* _About this task_
This task asks for the lines from the one with "VACUUBRAND ME8" to the final line below, repeated exactly, with pictures omitted.

* _Data below_
----
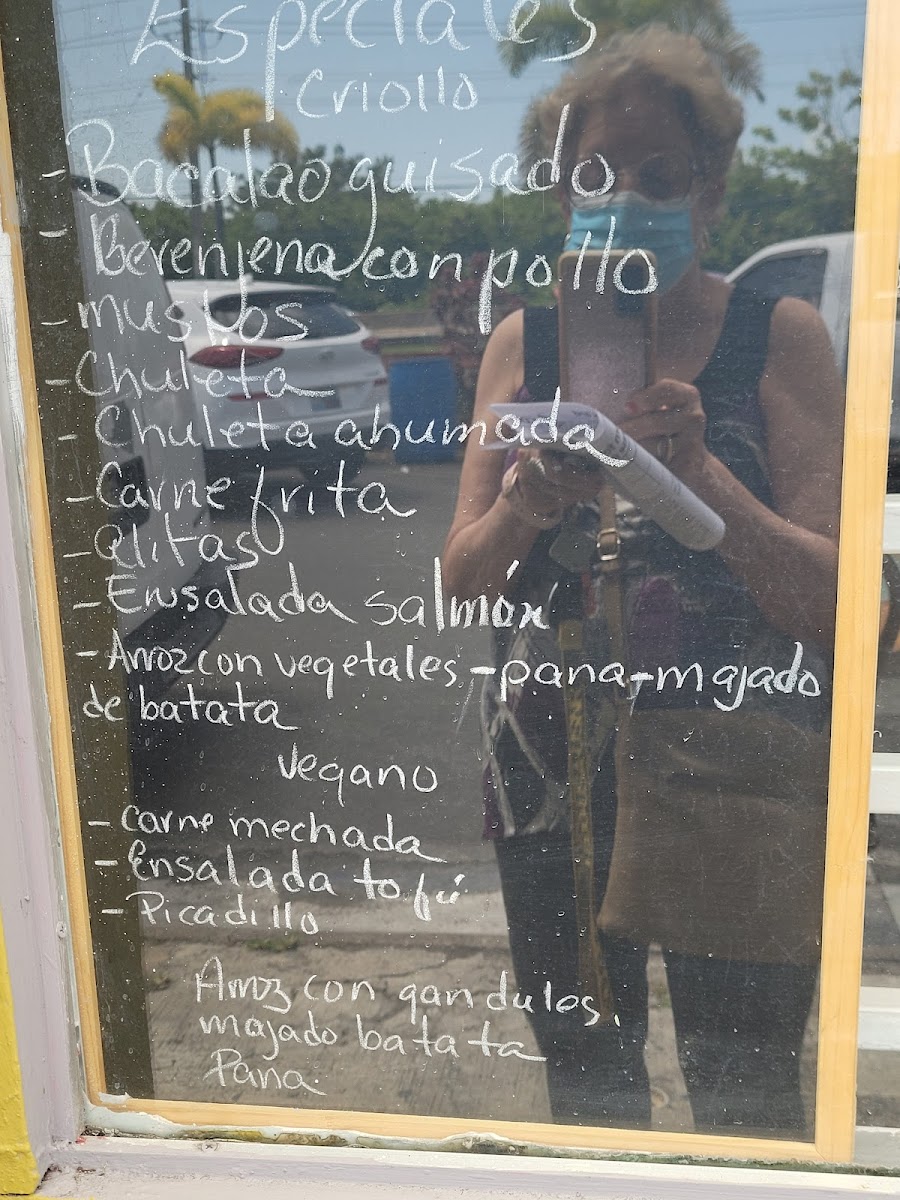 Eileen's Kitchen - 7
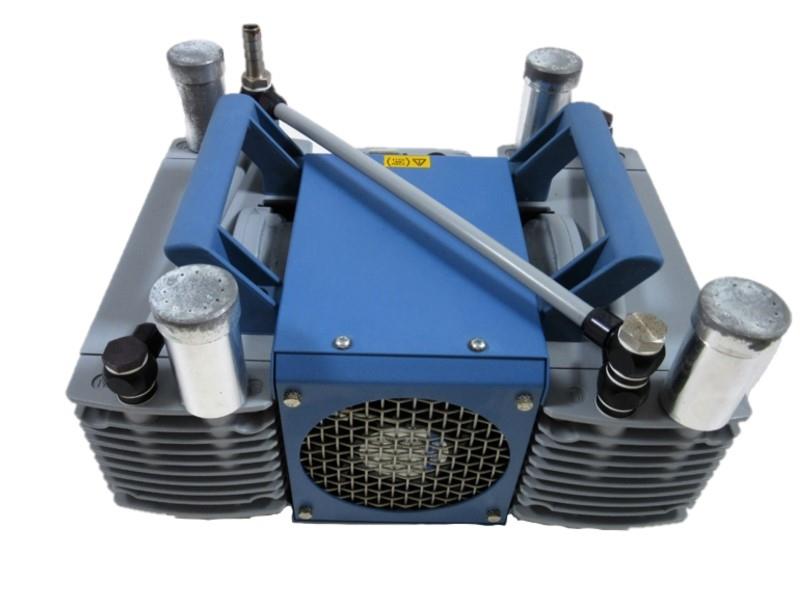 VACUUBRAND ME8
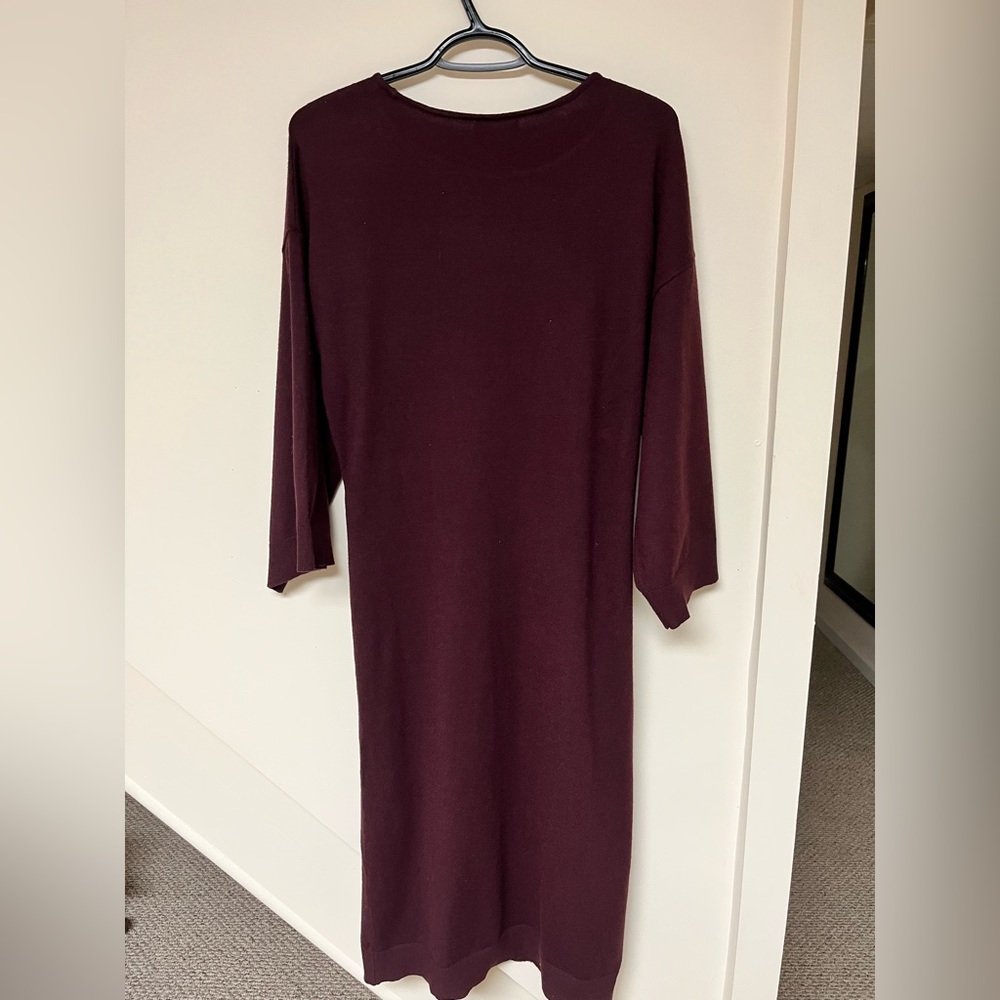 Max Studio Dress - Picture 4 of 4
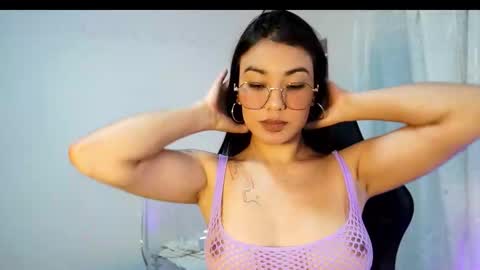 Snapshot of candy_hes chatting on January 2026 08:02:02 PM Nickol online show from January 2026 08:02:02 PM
----
* _Response to this exercise_
 VACUUBRAND ME8
 Max Studio Dress - Picture 4 of 4
 Snapshot of candy_hes chatting on January 2026 08:02:02 PM Nickol online show from January 2026 08:02:02 PM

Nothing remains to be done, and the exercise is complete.